Deborah E. Lipstadt was working mainly as a Holocaust historian, until everything went haywire.
With the worldwide resurgence in antisemtism, life has pointed her in a new and unexpected direction. She’s now a foremost antimsemitsm explainer. She’s getting constant interview and speaking requests from all over the world, she said, rattling off appointments with the BBC, a German journalist, and many others “just this week.”
“I can’t do everything, so I pick and choose,” Lipstadt said. She chooses as much as she can. “If I can help people understand, then I feel a certain degree of responsibly to do that.”
One of Lipstadt’s speaking engagements will be at the Wisconsin Club’s Country Club, Nov. 20, 2019, 6 p.m. Tickets are $125. The event is organized by the Nathan and Esther Pelz Holocaust Education Resource Center of Milwaukee Jewish Federation. Sign-up details are at HolocaustCenterMilwaukee.org.
Lipstadt is the Dorot professor of Holocaust Studies at Emory University, though she’s currently taking a break from teaching as a senior research fellow at the United States Holocaust Memorial Museum in Washington, D.C. She’s in Washington when not on the road.
After publishing five books related to the Holocaust, her sixth, published in January 2019, is a change of course. It’s called “Antisemitism: Here and Now,” and it’s a deep dive into the current problem and an attempt to answer difficult questions.
She’ll cover much of this ground in her speech, too, likely focusing more on antisemitism than her Holocaust scholarship.

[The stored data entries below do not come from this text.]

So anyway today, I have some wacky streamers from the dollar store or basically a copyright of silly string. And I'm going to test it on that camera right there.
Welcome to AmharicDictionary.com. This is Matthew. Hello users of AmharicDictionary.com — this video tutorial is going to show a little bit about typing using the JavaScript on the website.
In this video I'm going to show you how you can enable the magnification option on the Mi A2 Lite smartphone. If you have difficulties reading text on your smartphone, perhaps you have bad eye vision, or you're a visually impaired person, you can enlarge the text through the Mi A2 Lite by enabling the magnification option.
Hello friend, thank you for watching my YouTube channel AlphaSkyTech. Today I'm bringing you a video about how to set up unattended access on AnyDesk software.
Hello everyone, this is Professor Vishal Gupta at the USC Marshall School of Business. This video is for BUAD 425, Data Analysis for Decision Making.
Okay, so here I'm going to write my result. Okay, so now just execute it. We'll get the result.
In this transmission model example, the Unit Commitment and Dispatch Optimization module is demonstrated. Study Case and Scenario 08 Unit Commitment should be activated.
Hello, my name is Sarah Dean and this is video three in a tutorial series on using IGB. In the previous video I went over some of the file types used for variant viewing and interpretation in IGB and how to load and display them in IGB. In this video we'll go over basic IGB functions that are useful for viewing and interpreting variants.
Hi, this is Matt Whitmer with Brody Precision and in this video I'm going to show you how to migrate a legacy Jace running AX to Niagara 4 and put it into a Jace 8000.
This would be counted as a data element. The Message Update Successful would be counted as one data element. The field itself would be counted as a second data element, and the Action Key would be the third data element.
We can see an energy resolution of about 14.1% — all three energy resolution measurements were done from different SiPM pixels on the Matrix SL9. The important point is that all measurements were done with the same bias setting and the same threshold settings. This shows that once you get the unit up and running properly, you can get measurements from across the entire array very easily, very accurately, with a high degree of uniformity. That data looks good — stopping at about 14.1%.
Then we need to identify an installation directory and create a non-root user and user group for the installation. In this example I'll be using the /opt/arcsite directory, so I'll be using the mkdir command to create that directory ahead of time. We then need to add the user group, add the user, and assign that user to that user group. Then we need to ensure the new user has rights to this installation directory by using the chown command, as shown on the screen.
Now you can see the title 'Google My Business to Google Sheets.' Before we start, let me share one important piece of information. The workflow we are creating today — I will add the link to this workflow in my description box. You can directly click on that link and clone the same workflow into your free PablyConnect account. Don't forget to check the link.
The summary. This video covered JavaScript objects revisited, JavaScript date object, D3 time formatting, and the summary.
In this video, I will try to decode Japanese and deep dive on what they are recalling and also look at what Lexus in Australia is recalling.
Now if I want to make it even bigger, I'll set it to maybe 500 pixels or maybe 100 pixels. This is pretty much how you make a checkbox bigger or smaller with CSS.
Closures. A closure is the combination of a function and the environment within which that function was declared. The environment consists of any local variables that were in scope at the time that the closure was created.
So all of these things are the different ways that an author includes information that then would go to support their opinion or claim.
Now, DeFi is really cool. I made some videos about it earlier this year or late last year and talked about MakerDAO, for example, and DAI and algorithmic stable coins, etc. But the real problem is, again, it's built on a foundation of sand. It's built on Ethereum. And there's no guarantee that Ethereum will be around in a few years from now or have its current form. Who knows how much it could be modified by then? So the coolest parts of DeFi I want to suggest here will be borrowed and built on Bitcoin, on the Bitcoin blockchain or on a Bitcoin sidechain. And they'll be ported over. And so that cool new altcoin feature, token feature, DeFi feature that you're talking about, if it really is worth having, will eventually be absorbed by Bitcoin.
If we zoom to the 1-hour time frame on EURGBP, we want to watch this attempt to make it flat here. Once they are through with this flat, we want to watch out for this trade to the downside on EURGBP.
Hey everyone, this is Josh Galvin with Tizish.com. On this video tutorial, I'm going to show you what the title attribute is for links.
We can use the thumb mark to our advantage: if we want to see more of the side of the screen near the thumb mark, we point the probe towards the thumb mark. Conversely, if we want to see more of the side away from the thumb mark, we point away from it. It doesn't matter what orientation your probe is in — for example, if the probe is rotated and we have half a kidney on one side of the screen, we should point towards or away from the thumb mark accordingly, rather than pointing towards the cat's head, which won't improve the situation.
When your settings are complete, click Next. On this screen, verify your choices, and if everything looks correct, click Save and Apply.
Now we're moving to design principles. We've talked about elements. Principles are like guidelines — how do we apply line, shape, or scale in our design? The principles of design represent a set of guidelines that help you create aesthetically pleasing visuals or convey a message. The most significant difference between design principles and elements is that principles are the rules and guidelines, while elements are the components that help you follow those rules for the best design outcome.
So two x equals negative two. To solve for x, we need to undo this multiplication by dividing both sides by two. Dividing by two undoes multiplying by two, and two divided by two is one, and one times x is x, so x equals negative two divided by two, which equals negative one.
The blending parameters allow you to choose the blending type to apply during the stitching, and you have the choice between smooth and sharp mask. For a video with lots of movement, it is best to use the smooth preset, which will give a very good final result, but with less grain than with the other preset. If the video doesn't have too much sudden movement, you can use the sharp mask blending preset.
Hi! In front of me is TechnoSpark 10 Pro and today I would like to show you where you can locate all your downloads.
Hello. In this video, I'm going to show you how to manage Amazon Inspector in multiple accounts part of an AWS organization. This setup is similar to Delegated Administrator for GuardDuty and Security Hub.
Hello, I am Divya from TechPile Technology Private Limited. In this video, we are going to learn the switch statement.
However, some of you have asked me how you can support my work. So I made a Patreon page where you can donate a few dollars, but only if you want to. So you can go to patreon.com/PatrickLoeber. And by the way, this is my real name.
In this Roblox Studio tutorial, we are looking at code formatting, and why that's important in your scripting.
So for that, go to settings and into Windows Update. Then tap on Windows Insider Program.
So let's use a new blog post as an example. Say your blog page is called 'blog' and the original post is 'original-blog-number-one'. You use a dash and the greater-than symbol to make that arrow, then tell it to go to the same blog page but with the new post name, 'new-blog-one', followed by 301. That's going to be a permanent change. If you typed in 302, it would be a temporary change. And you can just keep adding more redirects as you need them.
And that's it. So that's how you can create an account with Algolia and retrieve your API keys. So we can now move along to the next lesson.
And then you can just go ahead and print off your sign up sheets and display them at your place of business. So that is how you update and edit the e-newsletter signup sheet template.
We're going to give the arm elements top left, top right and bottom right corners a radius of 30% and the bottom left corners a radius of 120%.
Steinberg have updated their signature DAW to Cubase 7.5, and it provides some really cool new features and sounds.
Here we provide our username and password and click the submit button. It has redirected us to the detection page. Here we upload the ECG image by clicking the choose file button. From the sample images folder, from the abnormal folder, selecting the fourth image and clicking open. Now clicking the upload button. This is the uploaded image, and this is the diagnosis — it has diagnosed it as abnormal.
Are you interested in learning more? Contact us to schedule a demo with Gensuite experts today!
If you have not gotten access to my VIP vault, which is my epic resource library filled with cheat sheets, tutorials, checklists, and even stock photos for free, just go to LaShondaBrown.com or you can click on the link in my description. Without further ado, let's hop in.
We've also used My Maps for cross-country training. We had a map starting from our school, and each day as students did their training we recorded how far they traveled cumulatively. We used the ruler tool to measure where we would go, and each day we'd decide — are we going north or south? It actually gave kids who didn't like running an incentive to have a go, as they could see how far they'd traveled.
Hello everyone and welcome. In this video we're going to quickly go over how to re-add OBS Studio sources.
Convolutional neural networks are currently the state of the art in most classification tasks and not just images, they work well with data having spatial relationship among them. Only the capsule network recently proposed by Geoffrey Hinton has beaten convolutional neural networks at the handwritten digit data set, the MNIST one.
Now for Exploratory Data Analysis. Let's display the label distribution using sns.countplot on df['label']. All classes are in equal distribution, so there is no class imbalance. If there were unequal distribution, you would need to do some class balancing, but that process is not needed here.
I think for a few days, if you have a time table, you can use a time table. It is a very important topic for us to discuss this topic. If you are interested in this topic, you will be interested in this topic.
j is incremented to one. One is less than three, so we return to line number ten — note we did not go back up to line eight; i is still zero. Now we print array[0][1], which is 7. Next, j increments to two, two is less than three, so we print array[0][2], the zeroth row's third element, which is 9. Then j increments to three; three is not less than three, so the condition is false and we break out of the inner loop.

“I think what everybody wants to hear about is contemporary antisemitsm,” she said. “What’s the true state of affairs?”
More questions: Where did it come from? Is it something new? Did something change dramatically? How do we recognize it? What can we do it about it? How can we respond? What’s the danger of antisemitism?
Lipstadt tries to keep “Antisemitism: Here and Now” accessible by writing it as an exchange of letters between the professor and two other people. The others are fictitious, a Jewish college student and non-Jewish professor, each of them representing an amalgam of real people and their typical questions.
In one passage, the fictitious college student, Abigail, asks if there is any way to educate the haters. “I must sadly acknowledge, education will be of limited value for committed antisemites,” Lipstadt writes. “Their contempt for the Jew is not the result of ‘cognitive error’ …. Conspiracy theorists rely on circuitous reasoning, contending that the fact that the conspirators cannot be precisely identified ‘proves’ the conspiracy.”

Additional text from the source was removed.